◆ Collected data
--------
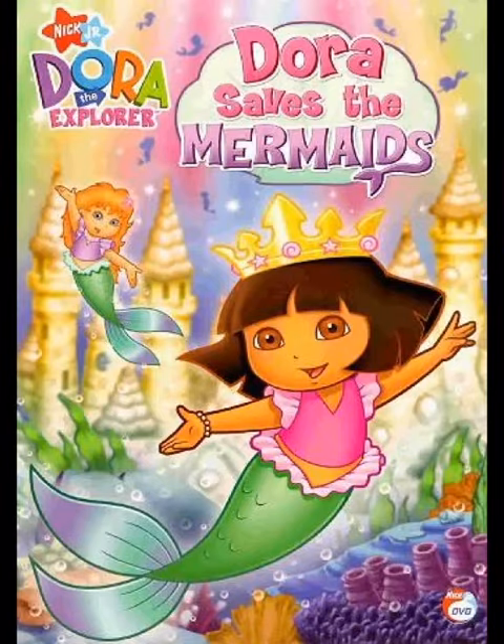I'll just take the cellophane off. This is the artwork for these three movies: Force Awakens, Last Jedi, and The Rise of Skywalker.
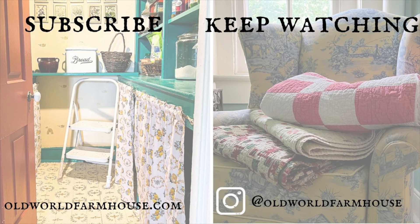I hope you enjoyed my tour of the laundry room and got some inspiration for your own cleaning closets and spaces. Let me know in the comments what you think and what you're doing in your house. I will see you next week — bye for now!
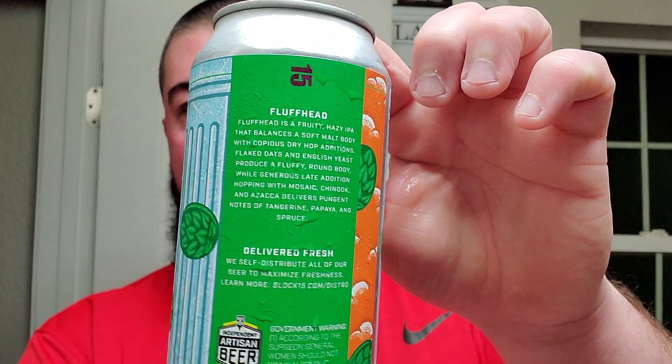Drink fresh. You can see that on the back as well. Very cool stuff. Kind of has like a tiki-type theme going.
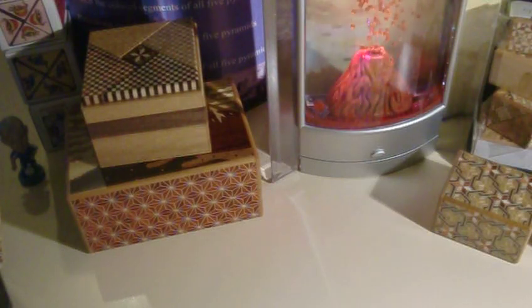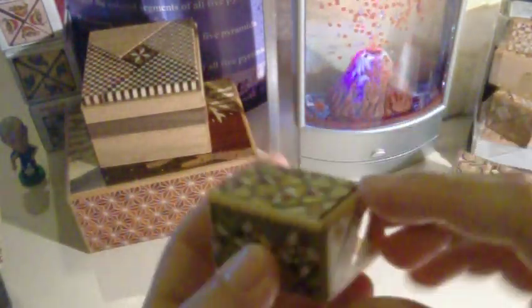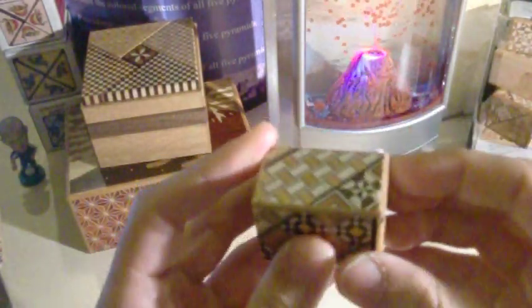I'm going to talk about some traditional Japanese boxes. These are small Japanese boxes called secret boxes or trick boxes, where you need to shift some parts and move them in a sequential way to eventually have them completely opened. For example, the one I'm using right now is a tiny one and has 12 moves, and eventually it opens.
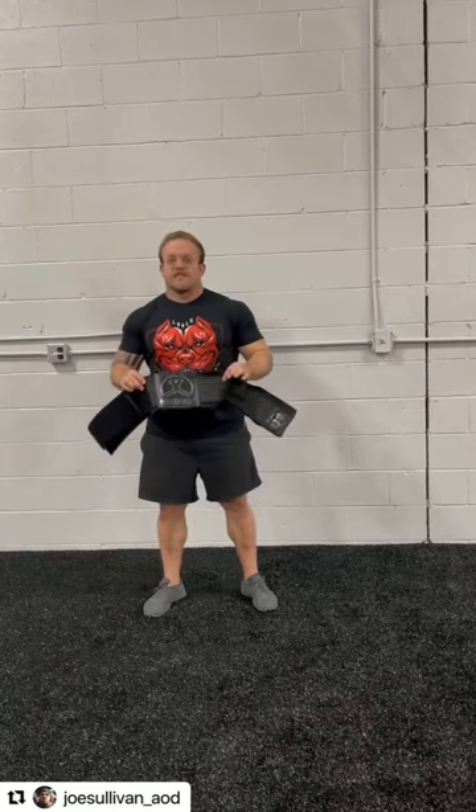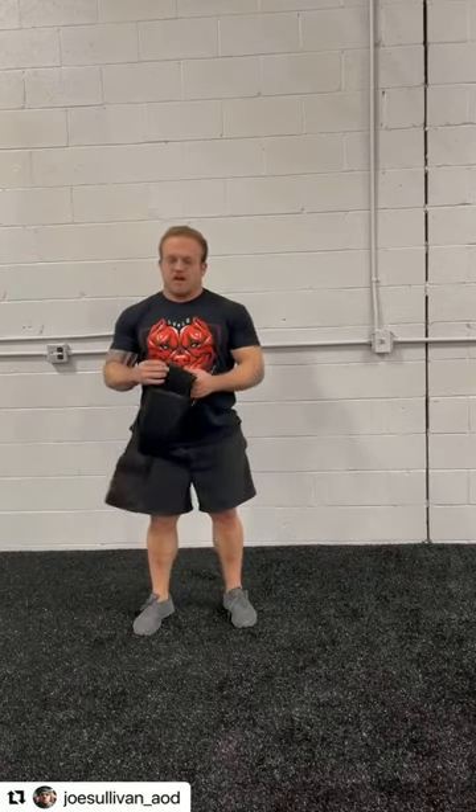What's up guys? Joe Sullivan at theaodcollective.com with the breath belt. I just wanted to get this up because I had a lot of people asking me about it lately — just a tutorial on what the breath belt is and how to use it.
--------
◆ Exercise
In the entries above, find the line containing "I'm going to". Transcribe it and every later line to the end, exactly, and leave out the pictures.

◆ Written response
I'm going to talk about some traditional Japanese boxes. These are small Japanese boxes called secret boxes or trick boxes, where you need to shift some parts and move them in a sequential way to eventually have them completely opened. For example, the one I'm using right now is a tiny one and has 12 moves, and eventually it opens.
What's up guys? Joe Sullivan at theaodcollective.com with the breath belt. I just wanted to get this up because I had a lot of people asking me about it lately — just a tutorial on what the breath belt is and how to use it.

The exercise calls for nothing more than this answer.